*** Block opens ***
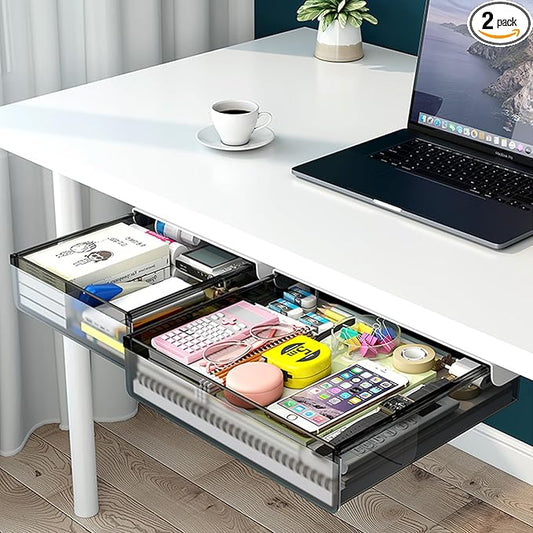 2 Pack Under Drawer Organizer, Slide Out Under Desk Storage, Self-Adhesive Drawer Attachment for Office, School, Home, Hidden Desktop Organizer for Office Supplies & Home Essentials (Black)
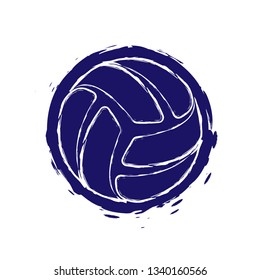 Abstract grunge volleyball symbol with isolated on white background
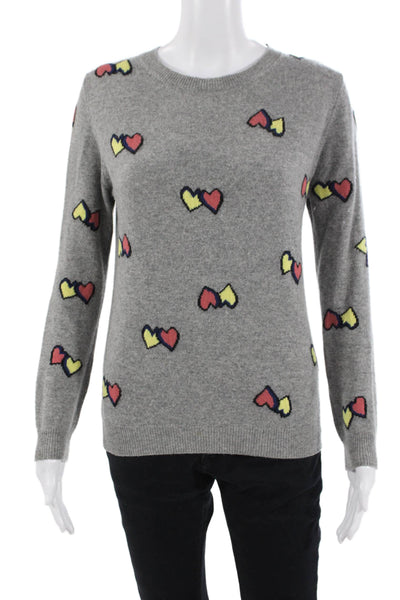 Chinti & Parker Unisex Gray Cashmere Pullover Crew Heart Graphic Size XS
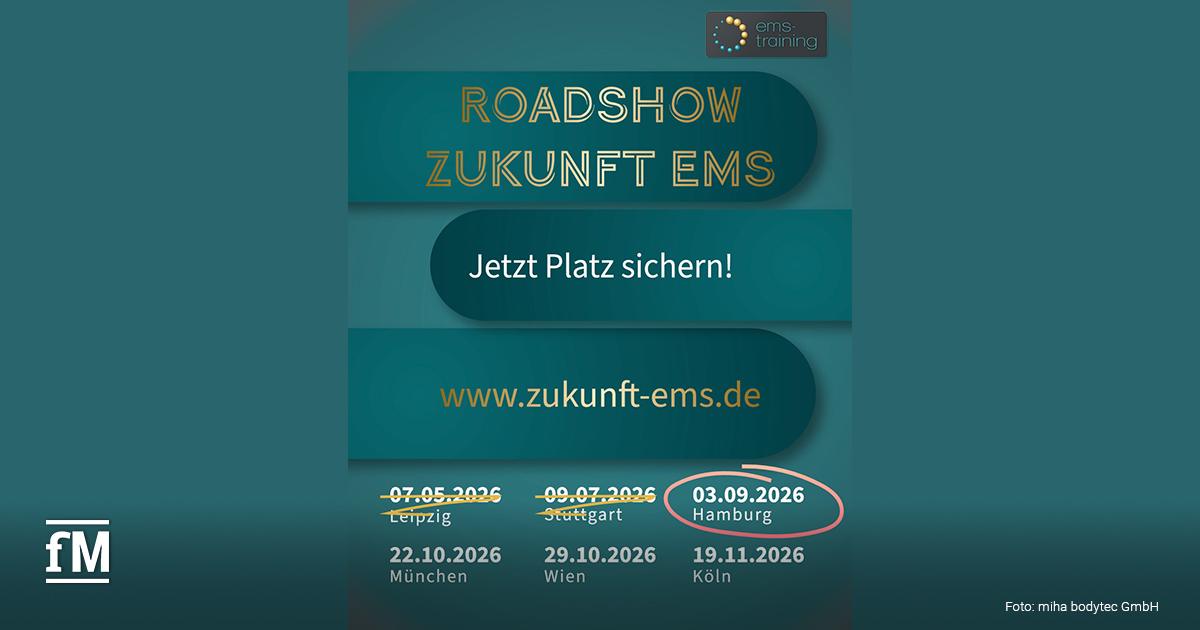 Terminübersicht der Roadshow Zukunft EMS mit hervorgehobenem Hamburg-Termin am 3. September 2026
*** Block closes ***
# Task statement
Return each line above exactly; any pictures are to be skipped.

# Reply
 2 Pack Under Drawer Organizer, Slide Out Under Desk Storage, Self-Adhesive Drawer Attachment for Office, School, Home, Hidden Desktop Organizer for Office Supplies & Home Essentials (Black)
 Abstract grunge volleyball symbol with isolated on white background
 Chinti & Parker Unisex Gray Cashmere Pullover Crew Heart Graphic Size XS
 Terminübersicht der Roadshow Zukunft EMS mit hervorgehobenem Hamburg-Termin am 3. September 2026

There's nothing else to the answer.